Am I ready to die this very minute?

Have you ever asked yourself that question? Ever? And were you able to answer with a 'yes'?

There were only two moments in my entire life when I felt ready to die at that very instance. One of them happened during the war.

Living in constant danger of being shot certainly increased our chances of dying any minute. But most of the time I was just trying my best to avoid death. Rarely would I think about 'what if'. And when I did, I would always conclude that I still wanted to fight to survive. It seemed that other people had the same force driving them to live, because interestingly, in spite of lack of nutrition, we were all rather healthy.

But this one time, I was particularly aware of how close the end of my life could be, and there was nothing I could do about it. It might have been late 1995 and I was riding on a bus. The bus was following the street parallel to the river, the street that was going along side the hill Trebevic, from where most of the missiles came. Standing next to a window, I was observing those houses and woods up the hill. There were few buildings that were protecting us from the view, but for most of the route the hill was very visible from the bus, and vice-versa. I was thinking about how there have been before, and maybe there were at that very moment, snipers looking and targeting at vehicles on the streets bellow. And that there may be one that is targeting at me right there.
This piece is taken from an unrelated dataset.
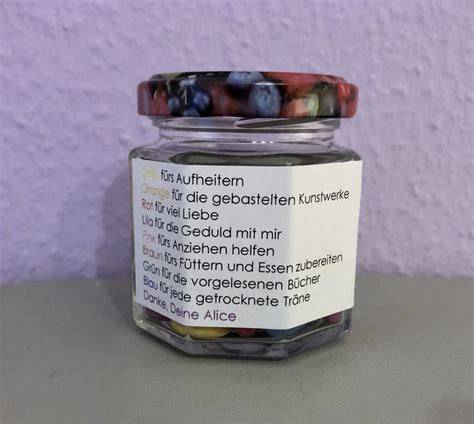 einmachglas gefüllt mit schichtweise cookies-zutaten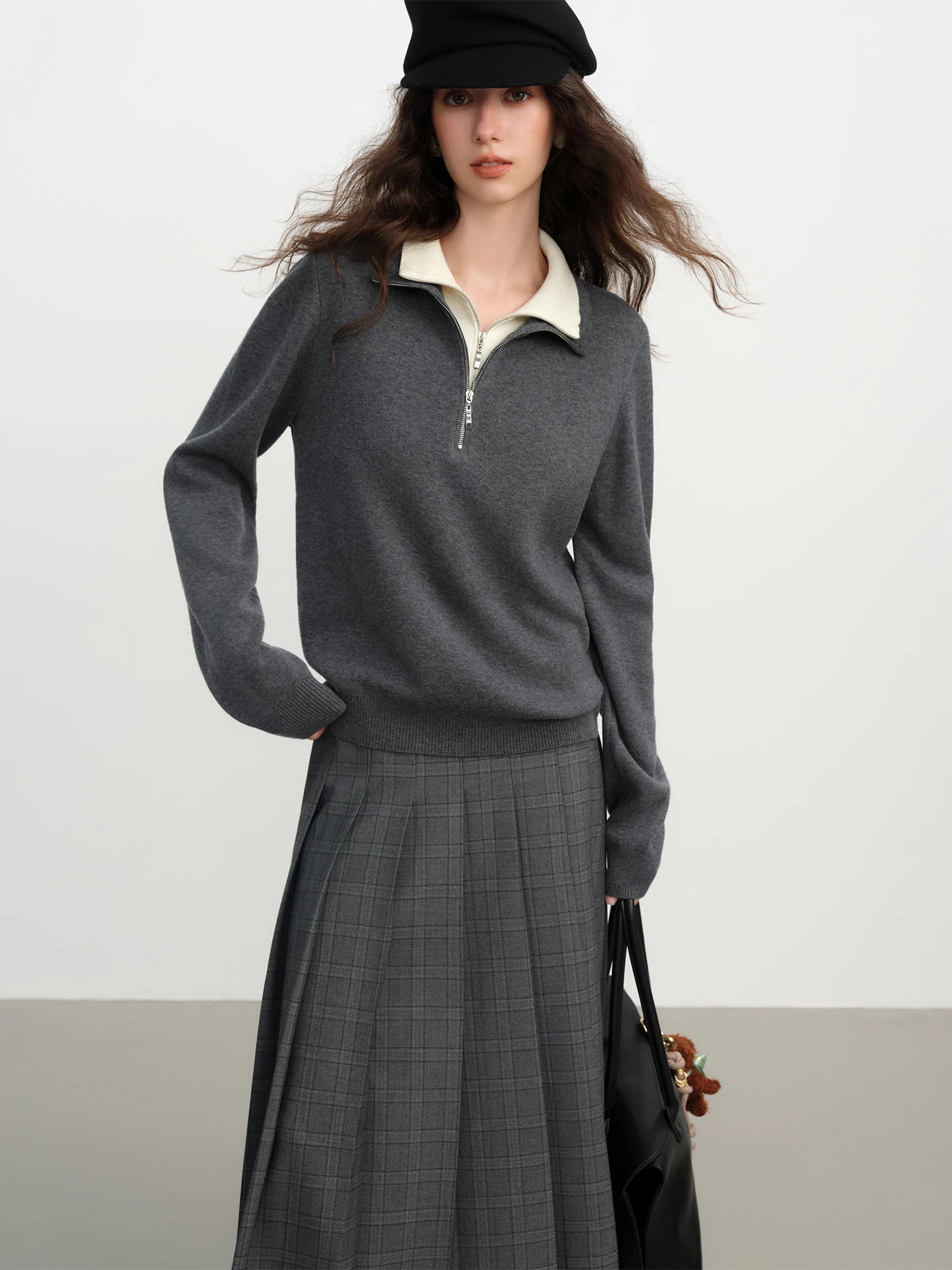 FSLE Color-Block Fake Two-Piece Women's Half-High Collar Knitwear 2025 Winter New Arrival, Versatile Color-Block Knit Pullover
At one point, in the minuscule reality of that scene in the bus, the realization came: "I am ready to die right now". And I felt at peace with that. I was not afraid, anxious, nor angry. I don't believe I was giving up, but I wasn't resisting either. My mind was not grasping for control in protecting my body. I didn't have any regrets. I thought I lived my life the best way I could, and for that brief moment, I felt like my soul was clean and ready to leave the pettiness of this world and meet its Creator. And for me that meant continuing onto something better for which I was ready.

I was ready to die.

I thought about this in the years since then and how liberating it felt to be ready. Like I said earlier, only one other time was I physically, mentally, and spiritually ready to go in that particular moment. Usually my answer would be: "could I go tomorrow?", because I had, or at least I thought I had, things to take care of. I have tried to remind myself every now and then that I never know when I'll be called home and try to be prepared mentally that it is inevitable. Even thinking about it on occasion has helped me live in a way where I could at least be a little bit more ready tomorrow.